I feel like political fiction has the opportunity to be more lasting when it’s approached in that way.
On a completely different topic. What are your thoughts on AI-assisted fiction?
Oh, no. I’m so terrified. I don’t see how it can possibly be deeply artful. I see how it could tell a good-versus-evil story. I see how it could regurgitate a bunch of amazing phrases that F. Scott Fitzgerald or whoever wrote. I just don’t see how it can pull it all together into a reading experience that speaks to our hearts and souls. But that may be because I don’t want to see that. But I think it’s something to be reckoned with.
Theoretically, if you did put all of your writing into an AI robot and they spit out a couple of paragraphs, what do you think it would say?
There’d be a complicated mother-daughter relationship, and people would be sitting at dinner. Somebody would probably be 15 years old. And somebody would die.
That’s a lot for just a couple of paragraphs!
They always say writers write the same story over and over. When you look at a lifetime of writing, it seems clear that most people have a deep core story they tell over and over. But that’s also the fun, trying to find the new way to say these same things. And if you ever felt like you truly said what it is you’re trying to say, you probably would stop writing. So you never quite can get it all down. So that’s the exciting part, and the aggravating part, that’s what keeps us going anyway.
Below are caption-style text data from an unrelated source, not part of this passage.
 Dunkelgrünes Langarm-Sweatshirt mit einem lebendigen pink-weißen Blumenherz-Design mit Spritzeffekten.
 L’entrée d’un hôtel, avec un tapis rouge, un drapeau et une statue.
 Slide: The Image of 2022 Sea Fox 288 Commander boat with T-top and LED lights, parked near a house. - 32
Leslie Pietrzyk Recommends:
This stuffing recipe (scroll; so good it’s in the “about” section of my author website!). For Thanksgiving, sure, but also for dinner, as in a bowl of this stuffing and nothing else. I could eat this stuffing every day for a year.
Reading “Song of Myself” by Walt Whitman out loud while outside on a perfect June day. See if you can find a hammock. Pause to stare up into the shifting trees and/or clouds. Grab a piece of grass and chew on it. Close your eyes and be. Spending time outdoors with this masterwork of a poem created one of my most excellent, most memorable reading experiences.
Subscribing to something in real, live, actual print. I love paper magazines and newspapers, and a large percentage of anything I know that’s interesting came about because I turned a page to stumble upon an article about a topic/person/place I’d never have thought to look up or Google. For the 25 years I lived in DC, I subscribed to the paper Washington Post, and how I miss turning those pages vs. now, scrolling. At the moment, here are some of the publications meeting my paper fix: New York Times, Winston-Salem Journal(great obits!), The New Yorker, Wired, Vogue, Cook’s Illustrated, and a rotation of 4-5 literary journals, including Story and The Gettysburg Review.
Buying a membership in a museum… art museum, history museum, museum of insects, whatever. Support what you’re passionate about, and once you’ve forked out money for the membership, I bet you’ll go more often. Stare deeply, again and again, at that thing you love. Conversely, feel free to dash in for a quick glance at something before heading off to meet your friend for coffee. Let yourself believe you own all that beauty. Here’s “my” art to view any time I want!
These notebooks aren’t cheap, but they make my words feel fancy and important. I write to prompts in their pages and consider the extra money well-spent because I rarely procrastinate with writing when I’ve got these pretty pages to fill.